Ai vari gruppi parrocchiali [Ai bambini:] Questa domenica del buon pastore ci dice che siamo le sue pecorelle, ma questo, naturalmente, secondo la parabola del buon pastore, è un paragone, un'analogia, siamo così preziosi per lui che cerca ciascuno di noi e dona la sua vita per ogni uomo, per ciascuno di noi. E' questa la prima idea che mi ha colpito ascoltando le parole dei vostri colleghi e colleghe.

Una ragazza mi ha chiesto come io abbia deciso di essere Vicario di Gesù: io non ho scelto questo, mi hanno scelto ed erano 120 cardinali che lo facevano riuniti in Conclave. Là anche loro erano soltanto uno strumento; quello che veramente ha scelto è lo Spirito Santo, è Gesù. Questa è la mia fede, non sarebbe possibile, altrimenti, essere papa. Quella fede è più importante come lo era per Simon Pietro. Anche lui fu molto sorpreso quando Gesù lo scelse, perché era uomo, anche un uomo debole e constatava sovente la sua debolezza. Ma Gesù lo scelse e lui ha creduto in quella scelta di Gesù e lo ha seguito, accettando la sua scelta. Ma io vorrei dire che tutti noi, ciascuno di noi è chiamato, ha una vocazione. La vocazione, diciamo, di essere Papa, vocazione innanzitutto sacerdotale, episcopale e poi anche papale. Tutto questo è certo importante, ma ogni vocazione, quella sacerdotale o religiosa, anche papale, va letta nel quadro della vocazione cristiana, la nostra vocazione principale, la nostra vocazione fondamentale è quella di essere cristiani e così siamo chiamati dal momento - momento del quale pochi di noi si ricordano - del Battesimo. Siamo chiamati ad essere cristiani, diceva un grande scrittore dell'antichità, con l'espressione: "cristiano è un altro Cristo". Questa è la vocazione fondamentale, più importante.
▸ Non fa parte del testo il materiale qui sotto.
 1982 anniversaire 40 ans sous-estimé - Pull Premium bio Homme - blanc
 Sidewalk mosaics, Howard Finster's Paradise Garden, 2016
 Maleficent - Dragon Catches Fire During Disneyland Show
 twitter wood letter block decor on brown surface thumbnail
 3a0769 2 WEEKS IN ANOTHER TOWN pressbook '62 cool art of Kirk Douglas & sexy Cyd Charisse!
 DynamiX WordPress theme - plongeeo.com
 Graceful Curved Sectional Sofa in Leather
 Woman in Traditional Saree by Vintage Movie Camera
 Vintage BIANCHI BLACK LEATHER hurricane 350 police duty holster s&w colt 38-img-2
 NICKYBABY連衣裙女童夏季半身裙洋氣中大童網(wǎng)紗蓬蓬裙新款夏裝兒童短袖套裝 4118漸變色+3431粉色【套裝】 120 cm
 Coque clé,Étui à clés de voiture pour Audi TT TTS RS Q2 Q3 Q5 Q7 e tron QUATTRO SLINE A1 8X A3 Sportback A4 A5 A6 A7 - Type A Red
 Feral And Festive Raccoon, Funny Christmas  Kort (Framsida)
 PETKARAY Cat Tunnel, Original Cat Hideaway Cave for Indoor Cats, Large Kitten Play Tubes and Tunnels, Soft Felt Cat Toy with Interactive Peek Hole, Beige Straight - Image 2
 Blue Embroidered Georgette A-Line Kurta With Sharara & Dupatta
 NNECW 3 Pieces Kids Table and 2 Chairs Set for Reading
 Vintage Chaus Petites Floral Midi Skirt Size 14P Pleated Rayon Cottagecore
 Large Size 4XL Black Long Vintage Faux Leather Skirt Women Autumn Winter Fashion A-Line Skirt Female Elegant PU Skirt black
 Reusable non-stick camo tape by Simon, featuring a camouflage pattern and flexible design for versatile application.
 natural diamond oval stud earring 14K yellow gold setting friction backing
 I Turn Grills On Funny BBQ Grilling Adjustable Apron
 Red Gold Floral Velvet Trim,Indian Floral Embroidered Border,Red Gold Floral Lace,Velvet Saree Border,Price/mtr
E questa è propria di ciascuno di noi. A ciascuno di voi, carissimi presenti, ecco io porgo il mio ringraziamento per questa bella accoglienza in un giorno tanto bello, anche stupendo, pieno di sole in questa Ostia Antica dove vivono tanti giovani e tanti ragazzi. Ostia Antica, ma grazie a voi sempre giovane.

Vorrei ringraziare tutti i presenti offrendovi una benedizione con i vescovi presenti. Continuate una buona preparazione alla prima Comunione, alla Cresima, alla vita sinceramente e pienamente cristiana. Questa è la nostra vocazione, questa è la nostra dignità, questa è l'opera del buon pastore.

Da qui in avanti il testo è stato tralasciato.